* [Source information]
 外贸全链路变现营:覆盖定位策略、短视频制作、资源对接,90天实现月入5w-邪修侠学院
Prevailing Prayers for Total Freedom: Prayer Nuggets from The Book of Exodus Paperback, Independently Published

==

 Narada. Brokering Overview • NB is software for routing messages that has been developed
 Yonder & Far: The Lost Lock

---

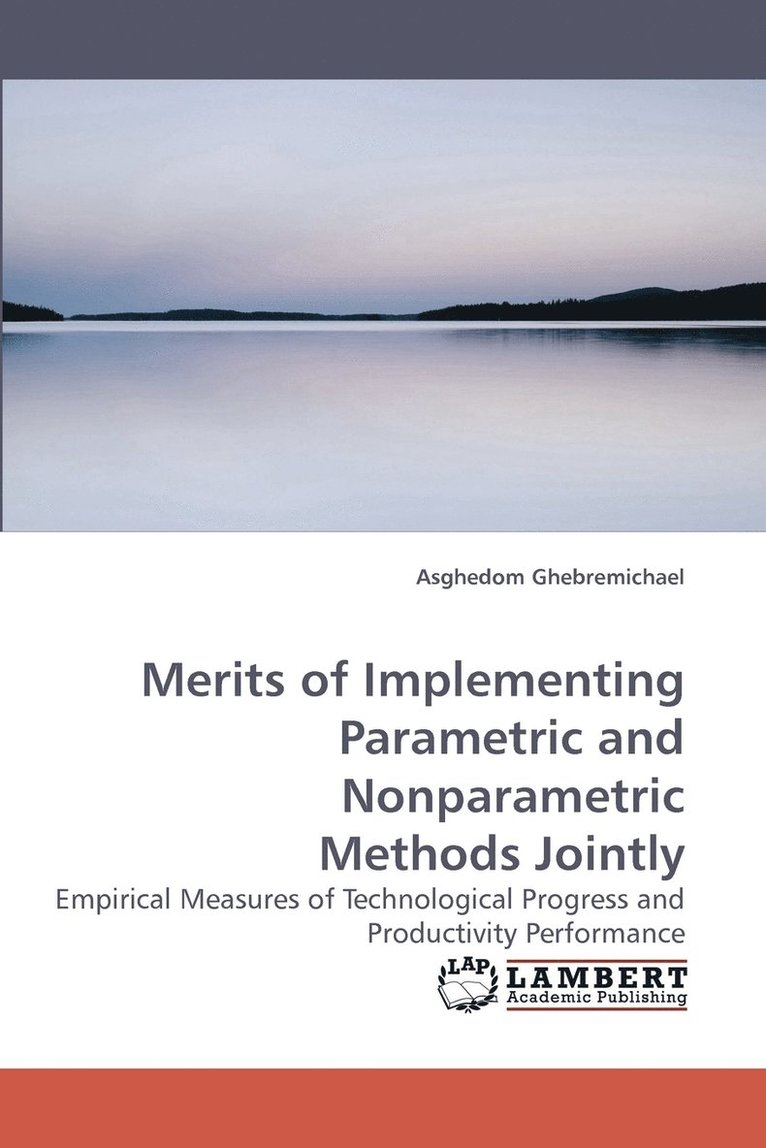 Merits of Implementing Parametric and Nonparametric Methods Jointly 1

* [Work task]
Search the listing above for the lines with "外贸全链路变现营:覆盖定位策" and "Prevailing Prayers for", then output those lines and all lines between them exactly.

* [Solved exercise]
 外贸全链路变现营:覆盖定位策略、短视频制作、资源对接,90天实现月入5w-邪修侠学院
Prevailing Prayers for Total Freedom: Prayer Nuggets from The Book of Exodus Paperback, Independently Published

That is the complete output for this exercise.